24 h after LAD ligation, QSG freeze-dried powder at a concentration of 566 mg/mL (dose 5.66 g/kg) was given to the QSG group by gavage according to the standard 0.1 mL/10g. MCC950 at a concentration of 1 mg/mL (dose 10 mg/kg) was given to the MCC950 group by intraperitoneal injection according to the same standard. Mice in the sham and model groups were gavaged the same volume of saline was administered for 3 d at a fixed time every day.

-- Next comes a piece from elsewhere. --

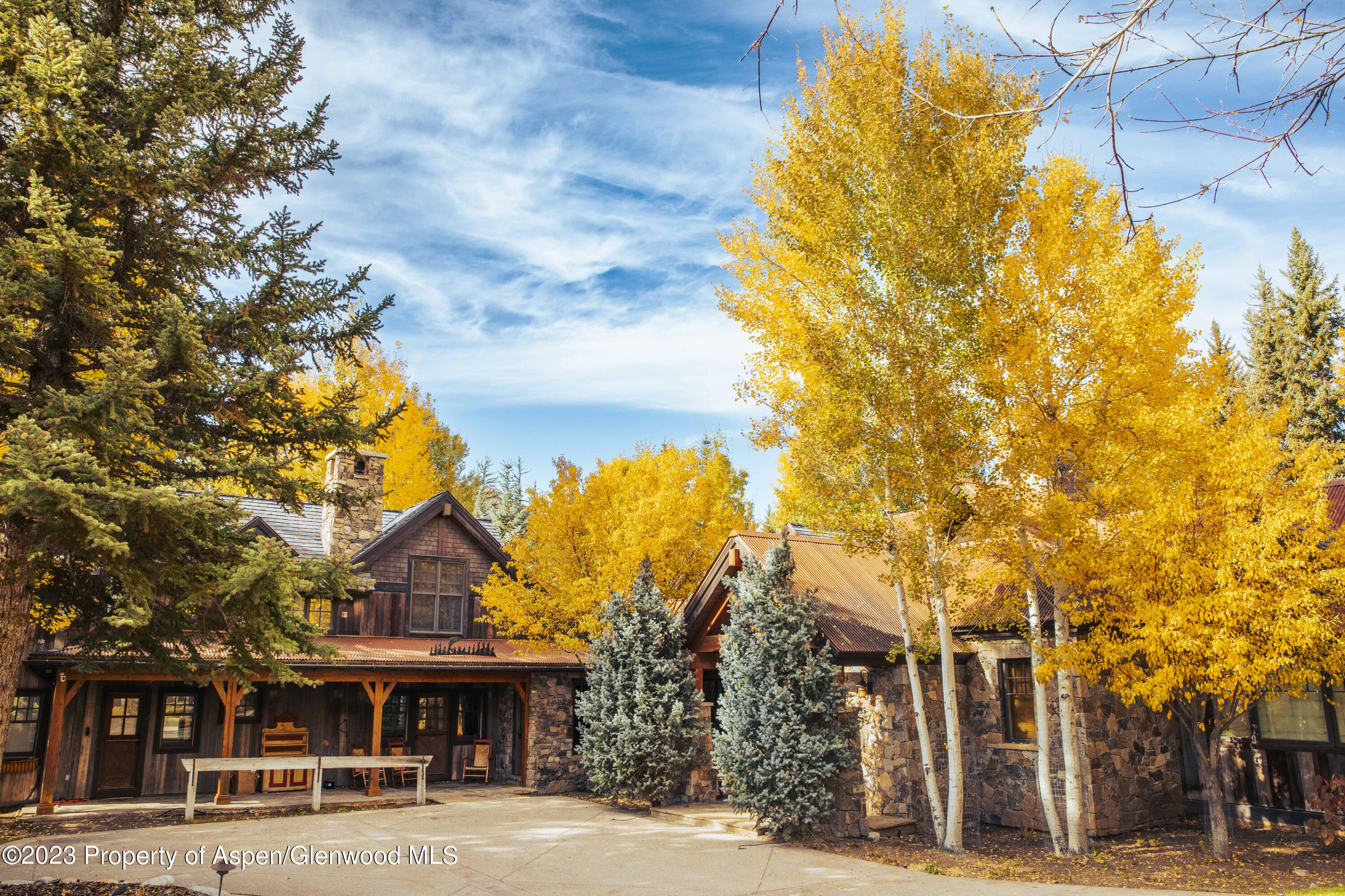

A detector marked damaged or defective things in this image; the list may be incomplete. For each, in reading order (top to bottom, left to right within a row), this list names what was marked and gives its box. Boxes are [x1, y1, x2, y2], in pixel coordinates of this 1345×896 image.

Echocardiographic Assessment

As mentioned before,²³ after 3 d of the administration, the mice in each group were anesthetized by breathing with isoflurane, and M- and B-mode echocardiograms of the short axis of the heart of each group of mice were obtained at the level of the papillary muscle with the MS-400 probe included in the Vevo 2100 (Vevo TM 2100, Visual Sonics, Canada) next to the left sternum, respectively. During the detection process, the heart rate of mice was ensured to be maintained between 450 and 550. The left ventricular anterior wall; diastole (LVAW; d), left ventricular anterior wall; systole (LVAW; s), left ventricular posterior wall; diastole (LVPW; d), left ventricular posterior wall; systole (LVPW; s) decreased, while left ventricular internal dimension; diastole (LVID; d), and left ventricular internal dimension; systole (LVID; s) values were measured, and the left ventricular ejection fraction (LVEF), left ventricular fractional shortening (LVFS) values were calculated using the ultrasound data analysis software Vevo 2100. The above indicators were used to evaluate the cardiac function of the mice in each group.

Detection of Myocardial Injury Markers

After blood collection from the abdominal aorta of the mice in each group, they were left at room temperature for 2 h, centrifuged at 3000 rpm and 4°C for 10 min using a low-temperature high-speed centrifuge, and the supernatant was taken. Then, according to the instructions of the ELISA kit, the levels of creatine kinase-MB (CK-MB) (SEA479Mu, Cloud-clone, China) and cardiac troponin I (cTnI) (SEA478Mu, Cloud-clone, China) were measured.

Hematoxylin-Eosin Staining and Immunohistochemical Staining

The heart tissues were treated with 4% paraformaldehyde after being removed from mice. Then the myocardial tissue was embedded in paraffin and sectioned. The basic structure of heart tissue was evaluated by Hematoxylin-Eosin (HE) staining to evaluate the degree of myocardial tissue injury.

Heart sections were dewaxed in xylene, rehydrated in an alcohol gradient, and then rinsed with PBS. After blocking with 0.3% hydrogen peroxide for 15 min, the sections were incubated with primary antibodies anti-IL-1β antibody (AF5103, Affinity, USA), anti-IL-18 antibody (10663-1-AP, Proteintech, China) overnight at 4°C. The sections were then incubated with secondary antibodies for 1 h protected from light, stained with hematoxylin for 30s, dehydrated with ethanol and xylene, and fixed with resin gel. Positive areas were clearly stained brownish-yellow.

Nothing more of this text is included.